El hombre se ha convertido en la medida de todas las cosas, siendo los estados quienes a través de los pactos y los acuerdos dan con la clave para dirimir los posibles conflictos sociales. La sociedad occidental ha decidido que sea el Estado quien nos diga que es lo legítimo y lo ilegitimo, que sea él quien decida qué es lo correcto y lo que más conviene. En definitiva, lo que hoy importa no es la verdad de las cosas sino la verdad de las mayorías, tal como dijera en su día Konrad Adenauer: “Lo importante en política no es tener razón, sino que se la den a uno”.
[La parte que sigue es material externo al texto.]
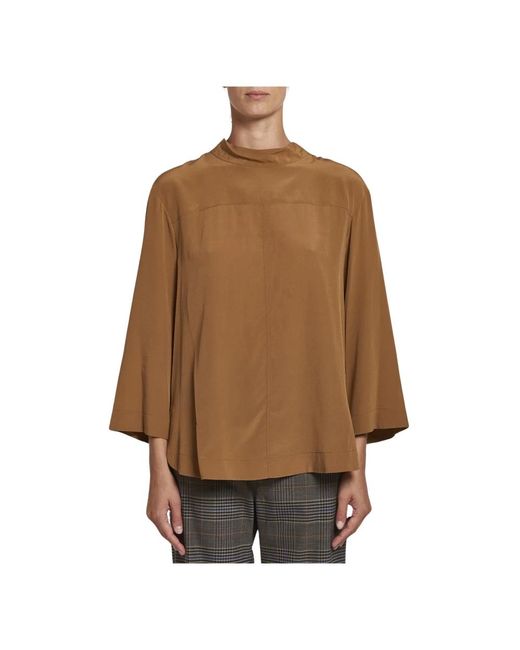 Blouses Sea en coloris Brown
Si reparamos un momento de lo que pasa a nuestro alrededor nos daremos cuenta cómo el sentir de las mayorías se impone despóticamente sobre las minorías.  Cómo “lo democrático” ha pasado a ser la categoría suprema exclusiva y excluyente. Si no te cobijas bajo el paraguas de las mayorías de nada te va a servir que te asista la razón. Ser demócrata ha llegado a ser el título indispensable para poder vivir en esta sociedad y si no gozas de esta consideración estás perdido, nadie te va a tener en consideración, vas a quedar estigmatizado.  Es como si con la llegada de la democracia la Humanidad hubiera alcanzado su realización suprema y hubiéramos llegado al fin de la historia.

No se discute su carácter definitivo e intemporal, ni se piensa en la posibilidad de que exista otra alternativa de gobierno, lo cual no deja de ser exagerado pues nada en política es para siempre y por otra parte lo que es un mero instrumento no debiera ser tratado como un fin en sí mismo.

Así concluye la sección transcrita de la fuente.